The model 800 may be run continuously, until the discriminator 808 outputs a determination at 810, that the generated sample is “real”, wherein the discriminator 808 is unable to discriminate between a real-world data 804 sample and the generated sample. At such a point, the sample is determined to be the final output of the model 800.


In the example of the methods 120, 140 and 160, a GAN such as the GAN 800 described above may be employed as the trained ML model. In some examples, a variation of a GAN, similar to GAN 800 may be employed in the methods 120, 140 and 160. For example, a GAN purposely designed for image style shifting or image to image translation may be applied. Such GANs are configured to convert an image from one style domain (e.g., the base map) to another style domain (e.g., the vectorized polygon representation), according to the provided paired training dataset.


According to some embodiments, pix2pixHD or a similar ML model or software package configured for image style transfer applications may be employed by methods 120, 140 and 160 as the ML model. Pix2pixHD comprises a GAN based machine learning model, which may synthesize high resolution images (e.g., up to 2048×1024 pixels), and may provide for image style translation functionality when provided with an appropriate paired image training set.

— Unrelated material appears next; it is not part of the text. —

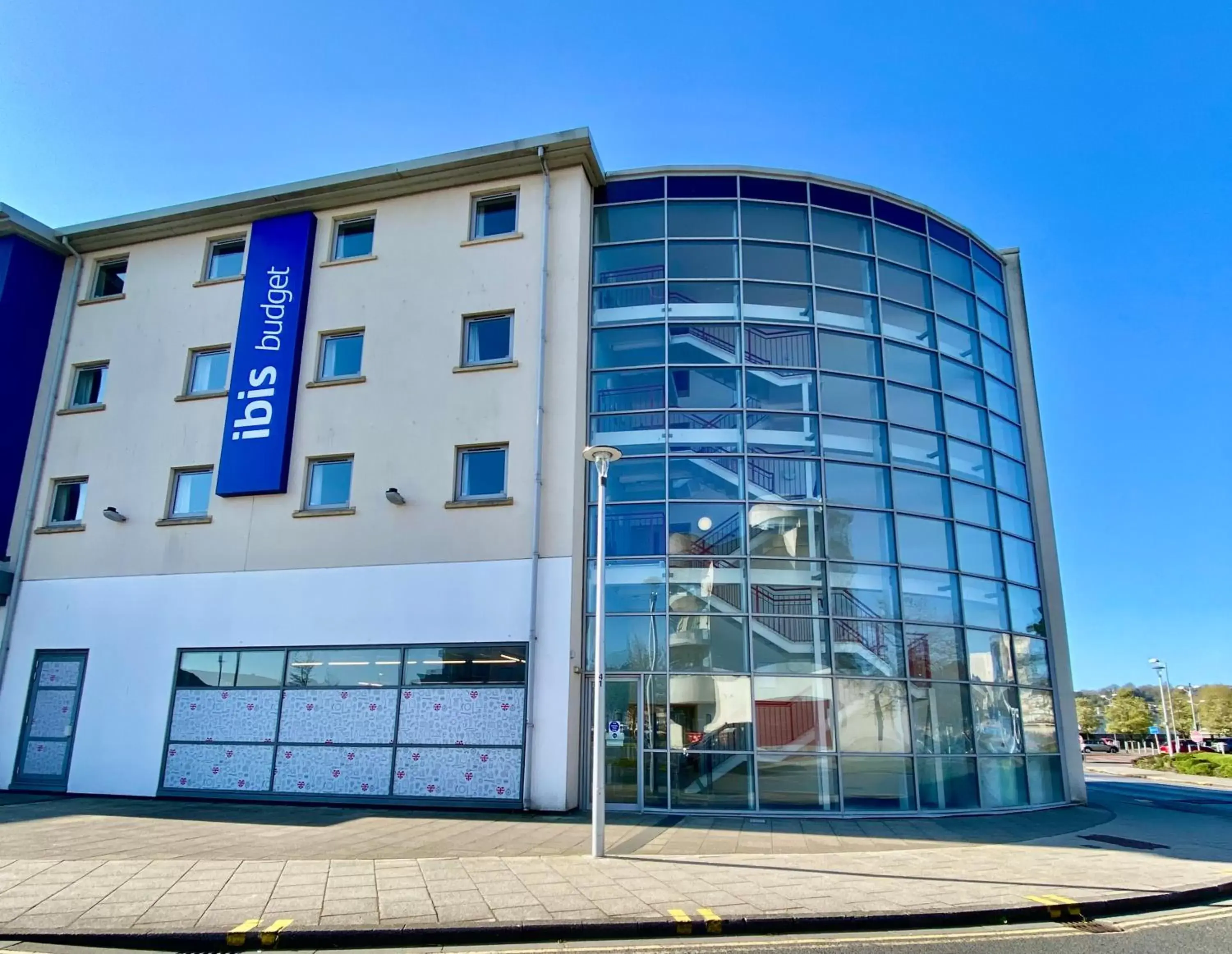 Property Building in ibis Budget Portishead Marina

The pix2pixHD generator component comprises groups of convolution layers, followed by groups of residual network layers followed by groups of deconvolution layers. The pix2pixHD discriminator component comprises a multiscale discriminator, wherein multiple discriminators are employed, each evaluating inputs at different scales, such that various receptive fields and levels of detail may be evaluated by the discriminator.

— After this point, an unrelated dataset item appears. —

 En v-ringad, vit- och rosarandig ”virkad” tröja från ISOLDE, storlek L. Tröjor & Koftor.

In some examples, wherein pix2pixHD is employed, hyperparameters may include number of iterations, number of decay iterations, learning rate, loadSize, fineSize, Adam Optimizer Momentum, BatchSize, and n_layers_D. In some examples, pix2pixHD hyperparameters may be configured such that number of iterations=200, number of decay iterations=200, learning rate=0.0002, loadSize=1024, fineSize, =512 Adam Optimizer Momentum=0.5, BatchSize=1, and n_layers_D=3. Such a configuration may result in good performance, and high-quality output. In other examples, hyperparameters may vary from the hyperparameters provided herein.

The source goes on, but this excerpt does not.